Hierbei stritt eine Online-Marketing-Agentur, die ihren Schwerpunkt auf Suchmaschinenoptimierung ihrer Kunden legte, mit einem Kunden. Im Mittelpunkt des Streits standen ausstehende Entgelte aus einem Online-Marketingvertrag, dessen Ziel es sein sollte, die Auffindbarkeit des Kunden bei Google zu verbessern. Nachdem der Kunde den Vertrag mit der Begründung des sogenannten Duplicate Contents und Textplagiaten außerordentlich kündigte, begehrte die Marketing-Agentur mit Erhebung der Klage angemessene Vergütung. Das Landgericht wies die Klage ab.

Ein außerordentlicher Kündigungsrund liegt zunächst vor, wenn dem kündigenden Vertragspartner – unter Berücksichtigung aller Umstände des Einzelfalls und unter Abwägung der beiderseitigen Interessen – die Fortsetzung des Vertragsverhältnisses nicht zugemutet werden kann.

Duplicate Content meint zunächst einen gleichlautenden Inhalt, der sich auf verschiedenen Internetseiten wiederfinden kann. Dabei handelte es sich um Texte, die bis auf wenige Abweichungen kopiert wurden, sodass auf Seiten der Online-Marketing-Agentur von keiner eigenen geistigen Leistung mehr gesprochen werden konnte. Probleme können sich dahingehend insbesondere im Hinblick auf den eigentlichen Vertragszweck, nämlich die Suchmaschinenoptimierung (SEO), ergeben. Möglicherweise führt Duplicate Content zu Verschlechterungen des Suchmaschinenrankings; dies kann im Einzelfall aber kaum nachgewiesen werden.

Verletzung vertraglicher Pflichten - Außerordentlicher Kündigungsgrund bejaht.

Gemäß Urteil des LG München vom 19.03.2021 führte im vorliegenden Fall die Verwendung von Duplicate Content berechtigt zur außerordentlichen Kündigung des SEO-Vertrages durch den Kunden.

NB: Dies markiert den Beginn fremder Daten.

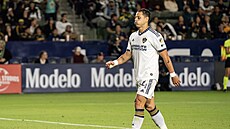Javier Hernández v dresu LA Galaxy.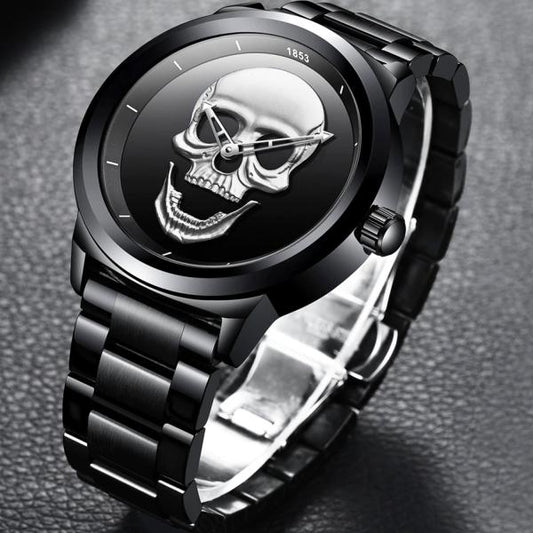 Wristwatch - Silver Bonehead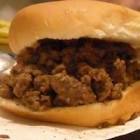 ben franklin five and dime store loose meat sandwich
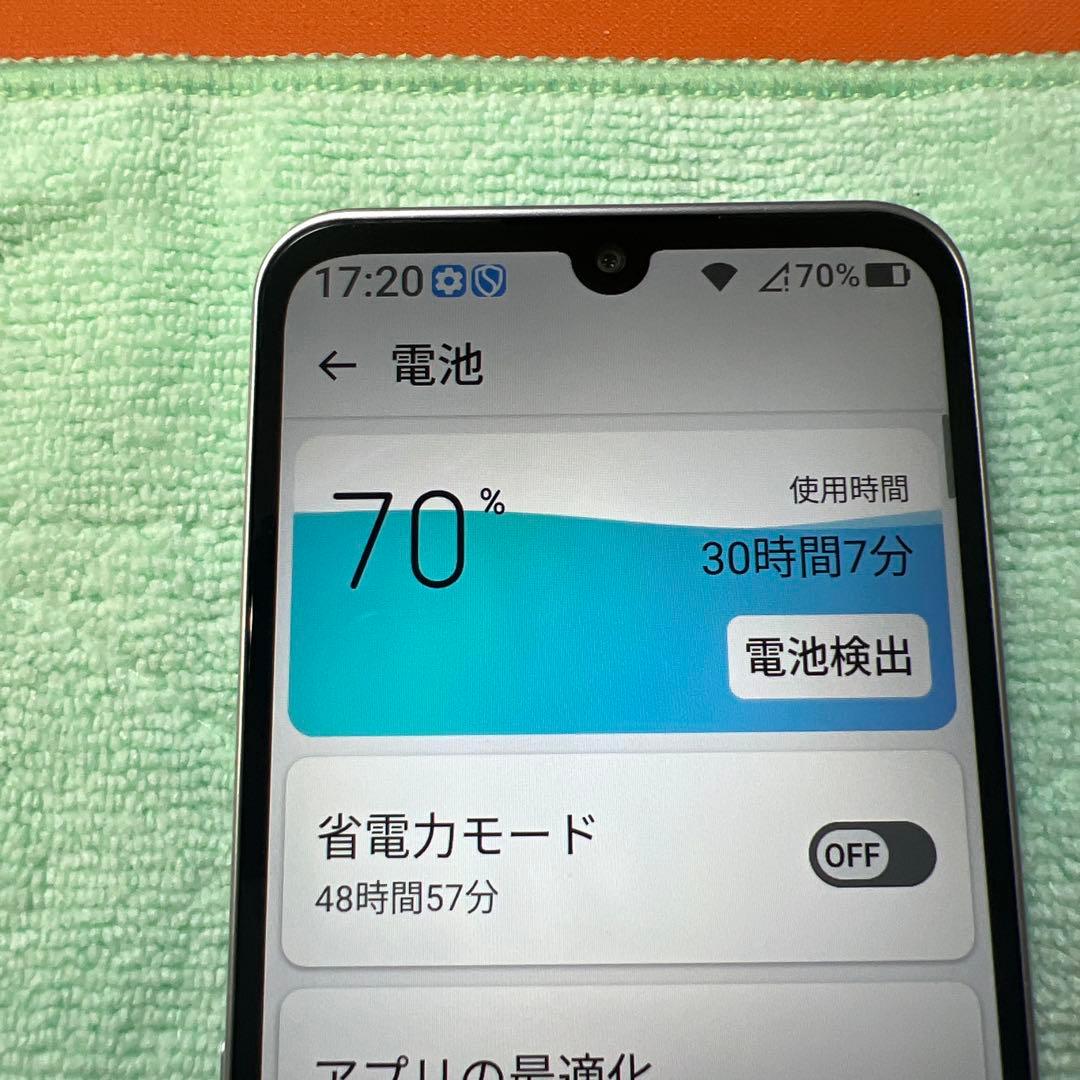 かんたんスマホ4 A402ZT スマートフォン 128GB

Vertragliche Pflichten im Rahmen eines bestehenden Vertragsverhältnisses zwischen Online-Marketing-Agenturen und deren Kunden – mit dem Ziel, deren Auffindbarkeit bei Google zu verbessern – seien dadurch im erheblichen Umfang verletzt, dass bestehende Textpassagen vorsätzlich kopiert und entsprechend an die Kunden weitergeleitet werden. Das Landgericht führt an, dass es nahezu lebensfremd sei, in einem solchen Fall von einem zufälligen Verfassen des gleichlautenden Textes auszugehen. Ferner schlage sich in einem bloßen Plagiat eines Textes kein spezielles Know-How oder ein besonderes Können seitens der Agenturen nieder, sodass in der vorsätzlichen Verwendung von Duplicate Content eine grobe Verletzung vertraglicher Pflichten gesehen werden könne.

„Auffällig ist, dass der Text bis auf wenige Einfügungen komplett kopiert worden ist, also keine eigene geistige Leistung der Klägerin voraussetzt. 

[…]

Berücksichtigt werden muss zum einen, dass nach der Überzeugung des Gerichts die zuständigen Mitarbeiter der Klägerin vorsätzlich gehandelt haben müssen. Bei einer Kopie dieses Ausmaßes erscheint es lebensfremd, dass die Mitarbeiter der Klägerin zufällig einen Text desselben (wortgleichen) Inhalts verfasst haben. Zum anderen ist entscheidend, dass der Beklagte die Klägerin wegen ihrer Kenntnisse bei der Suchmaschinenoptimierung beauftragt hat. In einem bloßen Plagiat eines Textes schlägt sich indes kein spezielles Know-How oder ein besonderes Können der Klägerin bzw. ihrer Mitarbeiter nieder.

Das Landgericht erklärt weiter, dass bereits die abstrakte Gefahr einer Verschlechterung des Suchmaschinenrankings ausreiche, um eine Vertragsverletzung seitens der Online-Marketing-Agenturen anzunehmen. Eine solche Gefahr wie auch letztlich die vorsätzliche Verletzung stünde dem Vertragsinteresse der Gegenseite – so das Landgericht – diametral entgegen.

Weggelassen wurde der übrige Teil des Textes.